The L.A. County Sheriff's Department has had an embarrassing 2011: After KTLA revealed that a hypocritical “3000 Boys” gang had formed between allied deputies, a front-page LA Weekly expose centered on inmates and visitors who'd been beaten to a pulp by rogue L.A. County prison guards. (Since then, another lawsuit was filed against the department — by a Palmdale apartment manager who says deputies beat him, falsely arrested him and threw around the word “nigger.” Classy.)

The latest public shaming comes via a watchdog report

… given to the Los Angeles Times by the department's own Office of Independent Review. “This past year,” it reads, “the level of financial crimes we have observed has risen to more serious and deliberate allegations of misconduct.”

Here are three hilarious, and rather pathetic, cases of insurance fraud highlighted in the report:

1. A deputy new to the department was found guilty of driving his own vehicle out to a field, dousing it with “ignitable liquid” and setting it on fire. When the car was traced back to the deputy, he filed a false police report, saying the vehicle must have been stolen from outside his house. (Because it would make so much sense for a car thief to immediately burn his bounty at the stake.)

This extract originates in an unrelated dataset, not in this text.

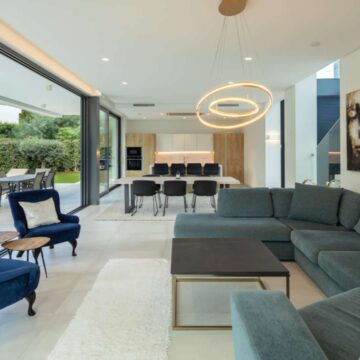 Sophisticated Fully Renovated Modern Villa Perfectly Positioned in the Heart of the New Golden Mile Picture 4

The deputy turned out to be quite the stupid (alleged) criminal: His insurance company soon discovered that his “car could not be driven without a transponder key,” and his cell-phone records showed he'd been in the field, not at his father's house, like he told investigators. Durr.

“Faced with a discharge notice, the deputy elected to resign,” reads the report. Just as well — a good law-enforcement officer should know his way around the skills of grand theft auto and arson, if only for background.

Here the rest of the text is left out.